An diesem Freitag will der Bundesrat über eine „Empfehlung" seines Umweltausschusses abstimmen, die Geschwindigkeit auf den Schnellstraßen zu drosseln und künftig nur noch Tempo 130 zu erlauben. Diese verkehrspolitische Kamelle ist nicht neu, im Gegenteil, sie ist abgelutscht. Trotzdem sind die Befürworter des Tempolimits in einer besseren Position denn je: Der grüne Zeitgeist, der es früher nie besonders eilig hatte, kann seit dem Niedergang der großen Volksparteien Vollgas geben.
Nun sind die Argumente von Grünen, SPD und Linken, die für ein Tempolimit plädieren, ja durchaus stichhaltig und nachvollziehbar: Die Umwelt wird entlastet, der Sicherheitspegel steigt, der Stress hinterm Steuer sinkt. Allerdings: Auch die Gründe gegen einen Schleichzwang sind nicht von schlechten Eltern. Die Freie-Fahrt-für-freie-Bürger-Fraktion weist zu Recht darauf hin, dass die Einsparungen beim CO² minimal sind und perspektivisch (E-Mobilität, Wasserstoff-Technologie) kaum noch eine Rolle spielen.
Auch beim Thema Sicherheit wird ein Teil der Wahrheit gern verschwiegen: Deutschlands Autobahnen gehören, trotz freier Fahrt und dichtem Verkehr, zu den sichersten Straßen der Welt. In nahezu allen Kategorien schneidet Deutschland im internationalen Vergleich besser ab als Länder mit Tempolimit. Gefährlich ist es vor allem auf der Landstraße – und dort gibt es bereits Beschränkungen.
Es ist unbestritten, dass es ein natürlicher Wunsch des modernen Menschen ist, möglichst rasch von A nach B zu kommen. Deshalb kommt auch niemand auf die Idee, aus Umweltschutzgründen die Flugzeuge langsamer fliegen zu lassen oder das Zugtempo zu drosseln. Beim Auto soll das aber anders sein. Umfragen zeigen, dass es tatsächlich eine Mehrheit in der Bevölkerung für ein Tempolimit gibt. Aber eben auch eine starke Minderheit, die strikt gegen die Tempobremse ist. Wer es ernst meint mit dem Minderheitenschutz, müsste auch die Interessen jener Bürger berücksichtigen, denen der Schleichzwang ein Graus ist.

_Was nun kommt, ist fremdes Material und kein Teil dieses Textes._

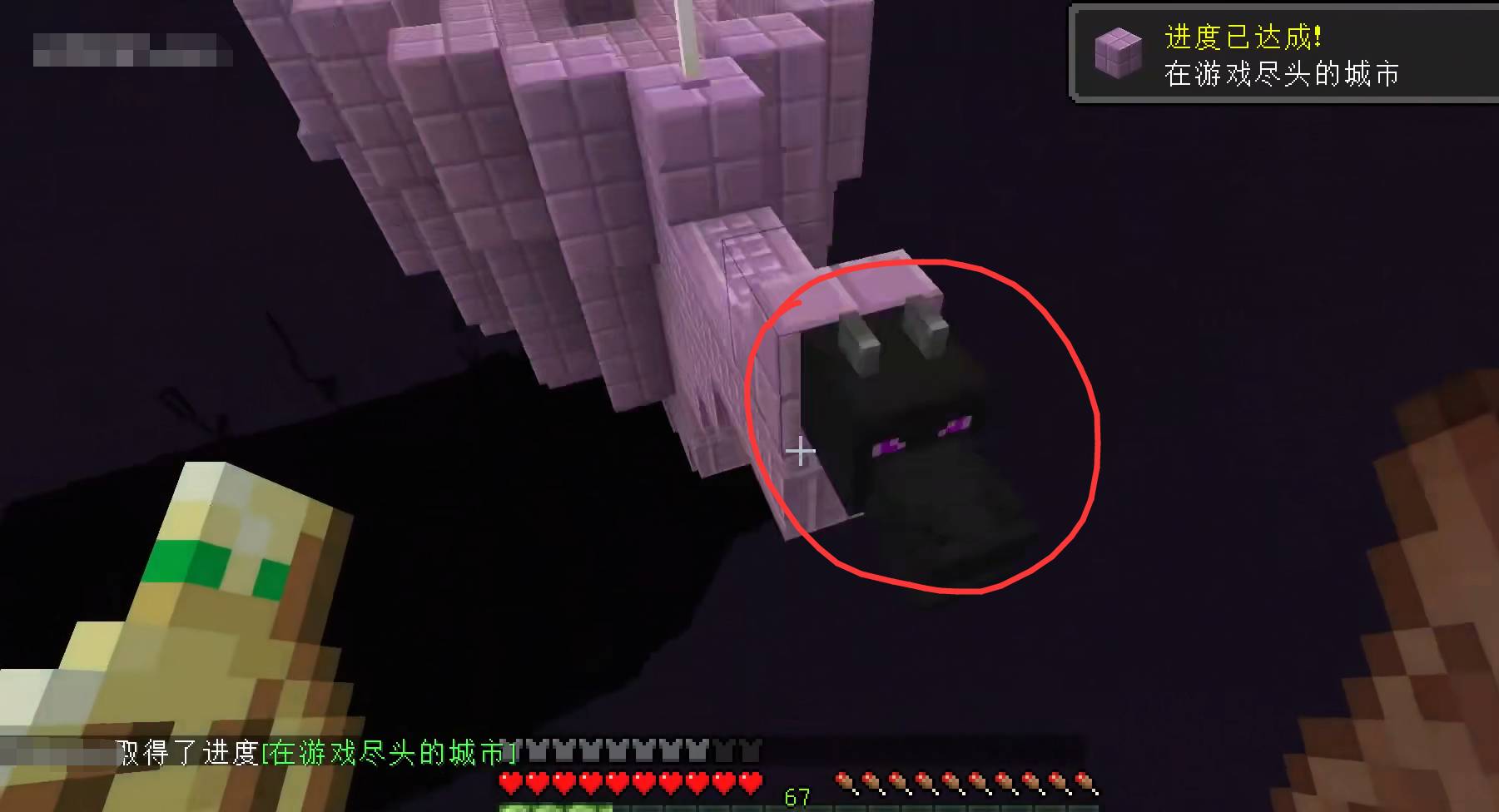 我的世界龙头怎么获得-龙头获得方法 我的世界龙头怎么获得-龙头获得方法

Ich persönlich plädiere für eine Vorfahrt der Vernunft. Diese Erkenntnis ist bei meinen vielen Fahrten durch Frankreich gereift, wo ein Tempolimit gilt – und lange Fahrten oft zur Qual werden. Wer stundenlang hinter oder neben einem weißen Transporter her zuckeln muss, der eben auch so schnell wie möglich ans Ziel kommen will, weiß, wovon ich rede. Zudem mindert eintöniges Fahren die Aufmerksamkeit, das kann man bei unseren französischen Freunden, aber auch bei sich selbst gut beobachten. Nicht zuletzt sprechen die Unfallzahlen in Frankreich und anderen Ländern mit Tempobremse eine klare Sprache: Sie sind schlechter als die deutschen, obwohl nirgendwo in Europa mehr Autos fahren als zwischen Flensburg und Garmisch-Partenkirchen.

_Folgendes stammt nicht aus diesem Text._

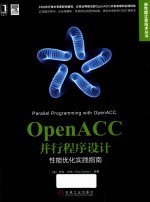 OpenACC并行程序设计 性能优化实践指南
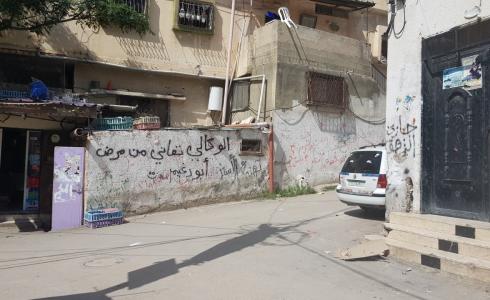 مخيم طولكرم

Wer also alle Argumente berücksichtigt und die Ideologie in der Garage lässt, müsste eigentlich zu dem logischen Schluss kommen, dass das Beste aus zwei Welten die Lösung des Problems sein kann: der klassische Kompromiss. Es muss in der Tat nicht sein, dass Sportwagen mit 250 Sachen über die linke Spur brettern und Kleinwagen mit der Lichthupe erschrecken. Wenn man diese Rowdys runterbremst auf deutlich unter 180 km/h, wäre schon einiges gewonnen.
Also: Rasen nein – aber Schneckentempo auch nein! Ohne festes Tempolimit würden wir unser deutsches Alleinstellungsmerkmal, das beim Kohle- und Atomausstieg niemanden stört, und auch den Freiheitsgeist behalten. Es wäre schade, wenn auch Deutschland, das die besten und sichersten Autos der Welt baut und mit seiner flexiblen Temporegelung bislang gut gefahren ist, auf ein nervtötendes Einheitstempo zusteuern würde.